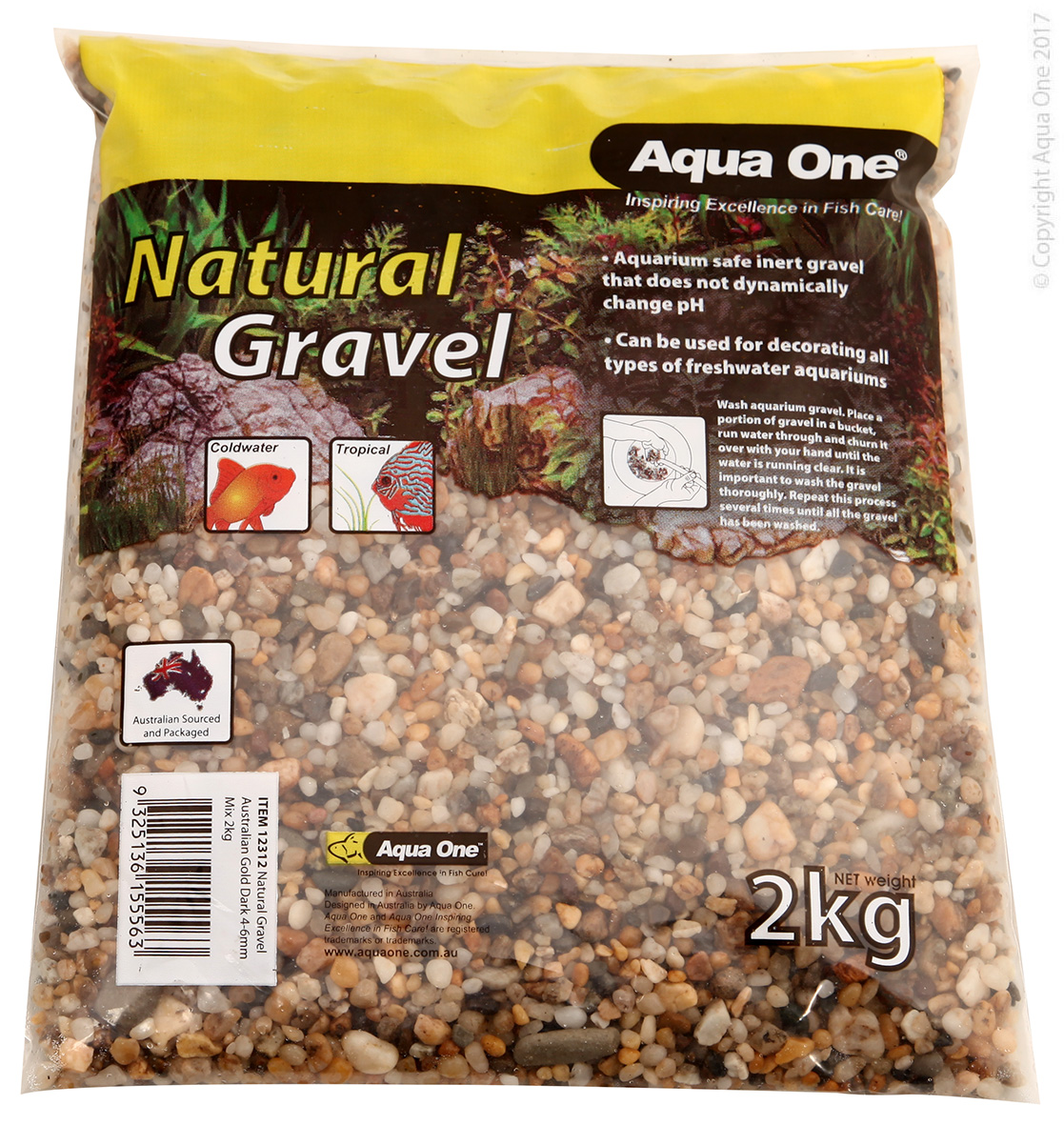 Aqua One Natural Gravel Australian Gold Dark 4-6mm Mix 2kg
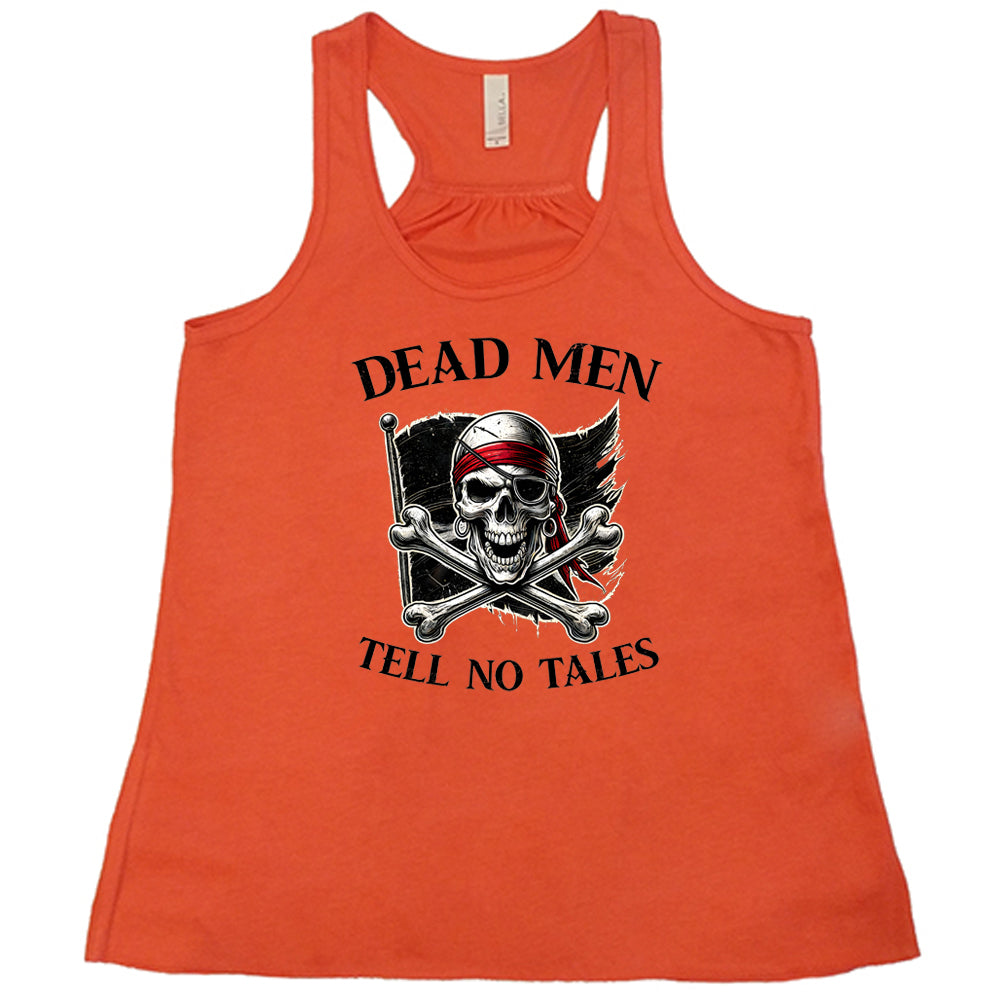 coral shirt with the text "Dead Men Tell No Tales" on it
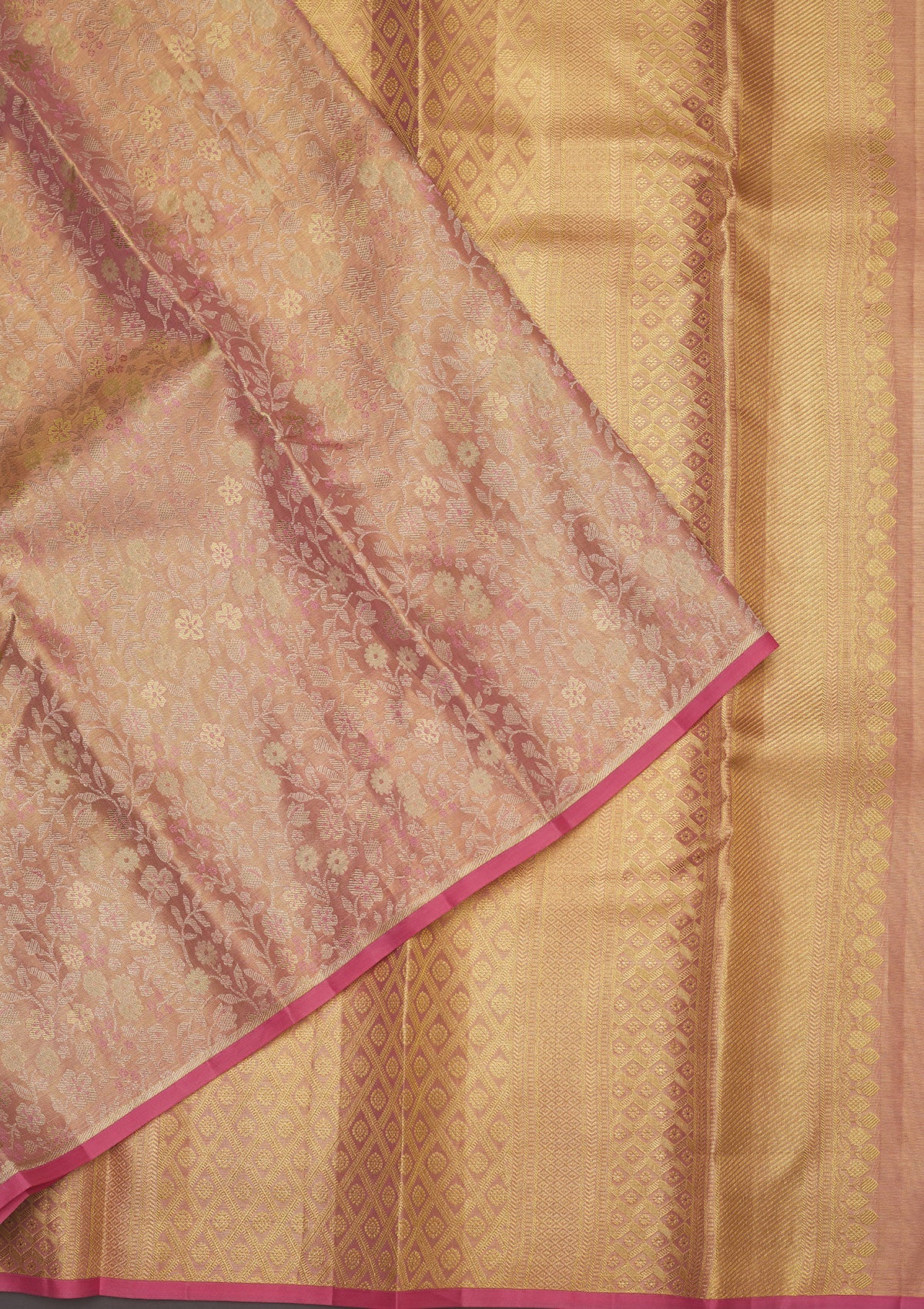 Baby Pink Zariwork Pure Silk Saree-Koskii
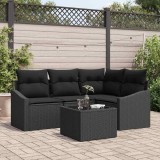 VidaXL Set de canapele pentru grădină 5 pcs Negru Rattan poli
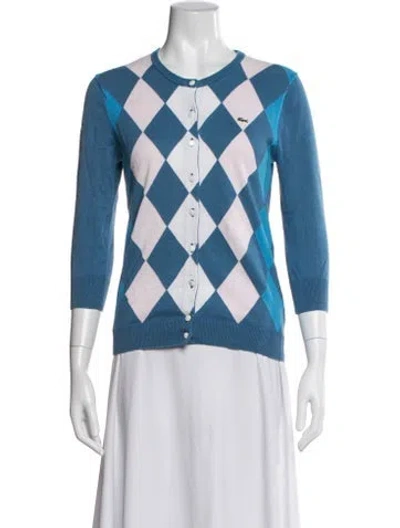 Pre-owned Lacoste Plaid Print Sweater In Blue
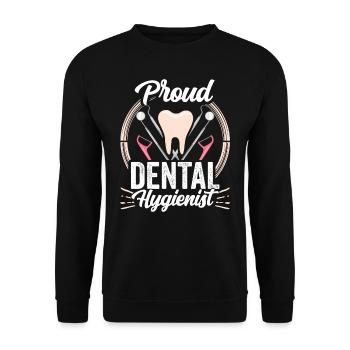 Proud Dental Hygienist Dentist Dental Hygiene - Unisex Sweatshirt - black - Front - Alina (178cm) & Michal (187cm)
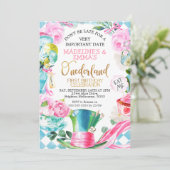 ツインズピンクブルーアリスOnederland 1st誕生日 招待状 (スタンド正面)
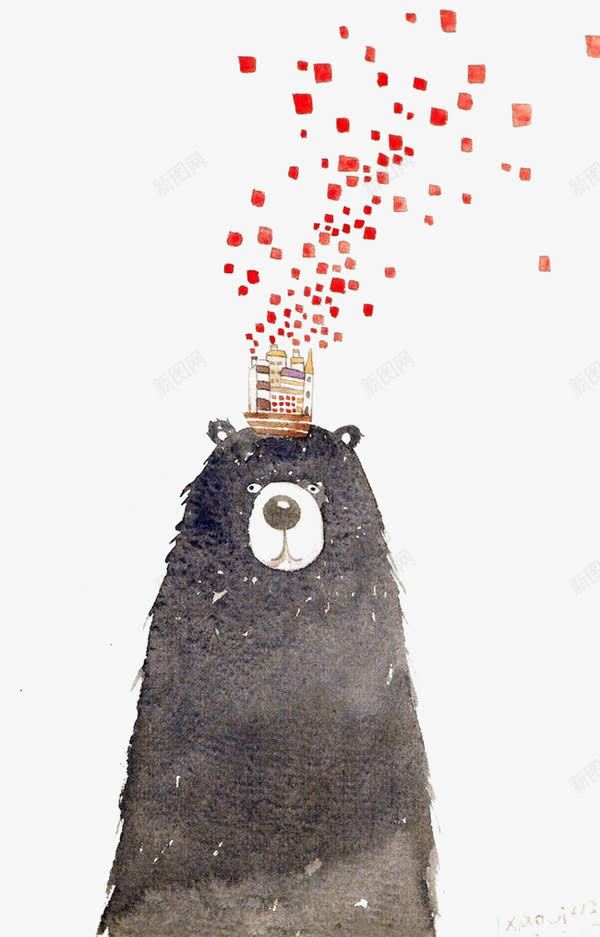 卡通黑熊png免抠素材_88icon https://88icon.com 卡通动物 手绘黑熊 母婴素材 红色碎片 背景装饰 黑熊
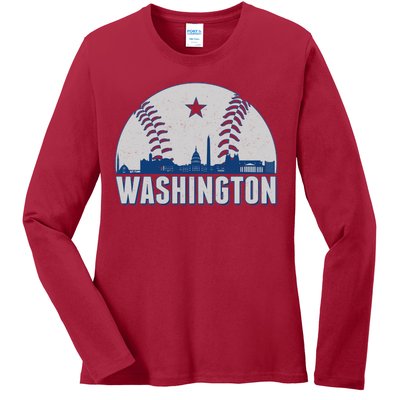 Washington DC Baseball Skyline Ladies Long Sleeve Shirt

_ABOUT THIS TASK_: Reproduce exactly and only the lines from the line that contains "coral shirt with" to the end of the data above, both ends included. No pictures go in the copy.

_WRITTEN ANSWER_:
 coral shirt with the text "Dead Men Tell No Tales" on it
 Baby Pink Zariwork Pure Silk Saree-Koskii
 VidaXL Set de canapele pentru grădină 5 pcs Negru Rattan poli
 Pre-owned Lacoste Plaid Print Sweater In Blue
 Proud Dental Hygienist Dentist Dental Hygiene - Unisex Sweatshirt - black - Front - Alina (178cm) & Michal (187cm)
 ツインズピンクブルーアリスOnederland 1st誕生日 招待状 (スタンド正面)
 卡通黑熊png免抠素材_88icon https://88icon.com 卡通动物 手绘黑熊 母婴素材 红色碎片 背景装饰 黑熊
 Washington DC Baseball Skyline Ladies Long Sleeve Shirt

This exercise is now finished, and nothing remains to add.